Penny LaRocque

Medal record

Curling

World Championships

Scotties Tournament of Hearts

= Penny LaRocque =

Canadian curler

Penny LaRocque (born ca. 1943 in Yarmouth, Nova Scotia) is a Canadian retired curler from Halifax, Nova Scotia. She is a former Canadian champion skip and world championship bronze medallist. She retired from curling in 2007.

==Career==
LaRocque has won five provincial women's championships, five provincial mixed titles, and seven provincial seniors titles. Her first provincial title came in 1974, playing second for the Joyce Myers rink, and went 2-7 at the 1974 Macdonald Lassies Championship.. Her second title came in 1978, where she skipped the Nova Scotia rink to a 2nd place finish at the 1978 Macdonald Lassies Championship. She also won the 1979 and 1983 provincial titles as skip, and the 1986 title, playing third for Colleen Jones. LaRocque won her only national title at the 1983 Scott Tournament of Hearts. She represented Canada at the 1983 Pioneer Life World Women's Curling Championship where her rink won the bronze medal.

LaRocque's five provincial mixed titles came in 1979, 1981, 1982, 1984 and 1987 playing third in each event for Lowell Goulden (1979), Steve Miller (1981), Steve Ogden (1982 & 1984) and Bill Campbell (1987).

LaRocque's seven provincial seniors titles came in 1996, 1998, 2001, 2004, 2005, 2006, and 2007. She skipped in all but the 2004 and 2005 events, where she played third for Sue Anne Bartlett.

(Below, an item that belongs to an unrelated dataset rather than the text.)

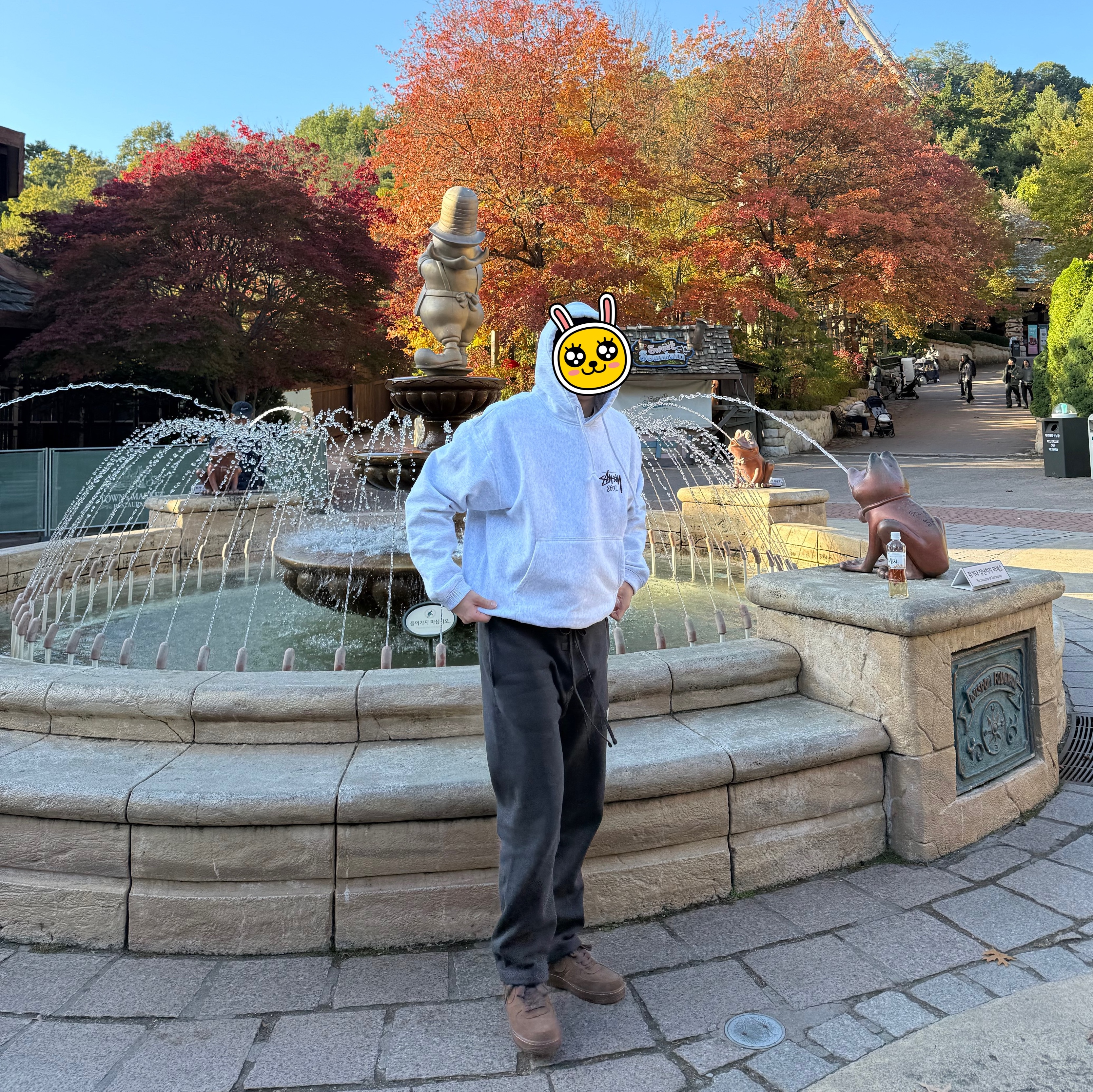 (W) Nike Air Force 1 '07 Cacao Wow, Essentials 1977 Relaxed Sweatpants Iron - 22SS 착용 스타일 - 2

LaRocque was inducted into the Canadian Curling Hall of Fame in 1989 and the Nova Scotia Sport Hall of Fame in 2007.

==Politics==
LaRocque ran for the Nova Scotia Liberal Party in the riding of Halifax Bedford Basin in the 1988 Nova Scotia general election. She lost to the Progressive Conservative candidate, Joel Matheson by 1500 votes.